Abstract

A hedonic price model was estimated for residential developments in the province of Alberta in Canada. The model is designed to be used with the Production, Exchange and Consumption Allocation System (PECAS) land use modeling framework, which forecasts future development patterns on each parcel based on developer return-on-investment functions, allocates households and jobs, and calculates economic benefit measures. In PECAS, base year rents by land use zone (LUZ) are a calibration target, while future rents by LUZ are calculated in a bid-rent allocation, so the estimation separates out local effects from neighbourhood (LUZ) effects. Local effects include proximity to busy collectors, light rail transit (LRT) stations, schools, and amenities such as parks, as well as local road and off-road access to the nearest network link. A non-linear treatment was required to separate out the value of land from the value of space, especially on large parcels at low intensities of development.

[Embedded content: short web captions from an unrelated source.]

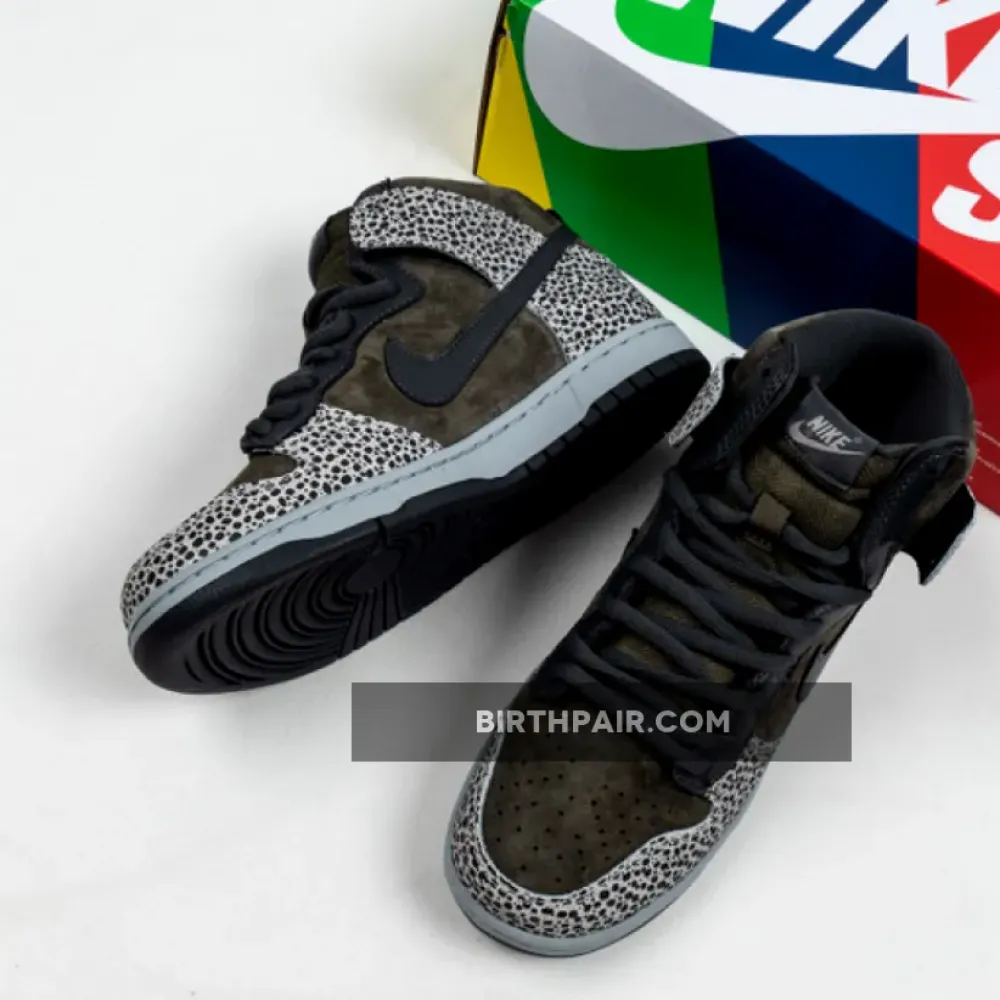 Nike Dunk High Safari Sable Green 306968-201 VS-4GW4E5T
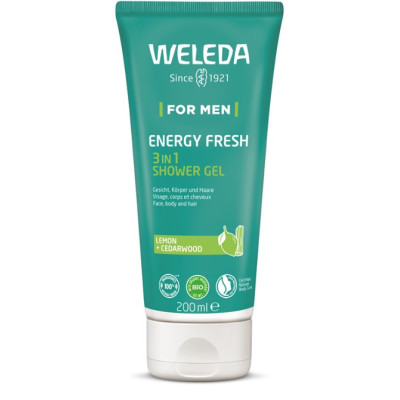 Weleda Shower Gel Men Energy Fresh 200 ml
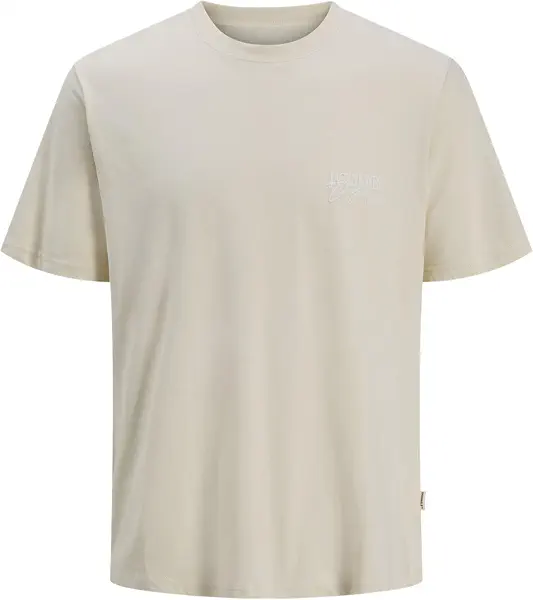سعر ومواصفات JACK & JONES Mens JORALMERIA STAMP TEE SS CREW NECK Classic (pack of 1) - Antique White (B0DFMJSL5R) على Amazon EG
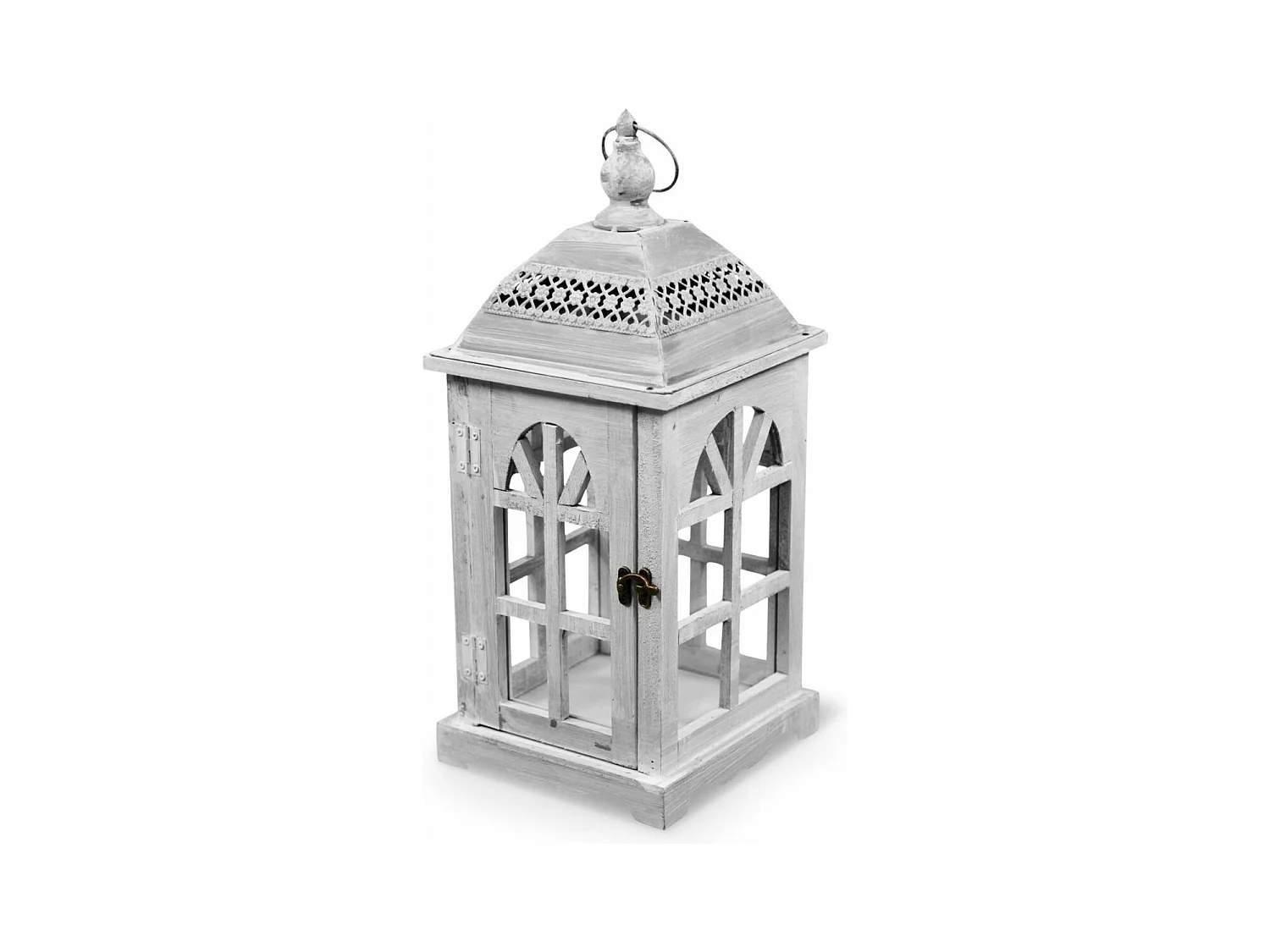 Lanterne Bois Blanc - Décoration d'Autrefois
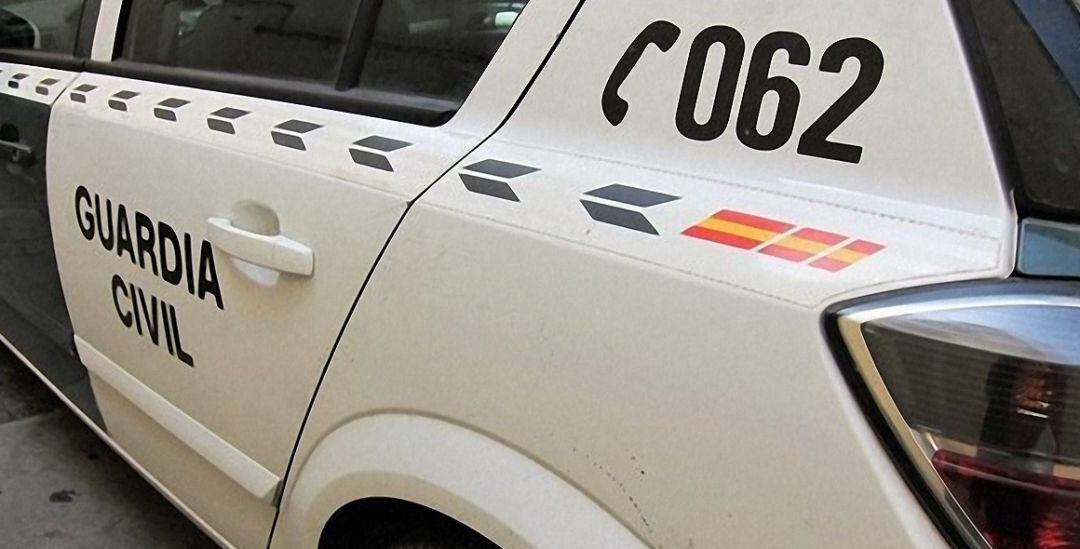 Vehículo de la Guardia Civil.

A Bayesian approach was used to 1) incorporate prior knowledge from previous PECAS work in the U.S., and 2) to provide a model that can forecast future prices on any parcel in Alberta, even in areas where certain types of development are not currently sufficient in quantity to confidentally estimate parameters. The estimation quantifies the current price landscape in Alberta by LUZ, showing higher prices (and a tendency for future development, where allowed) in major cities, major oil industry locations, and national parks. It also quantifies the positive impacts of local road access, LRT station proximity, schools, rivers, and natural areas; the negative (nuisance) impact of being too near to busy roads and schools; and the depreciation of older buildings.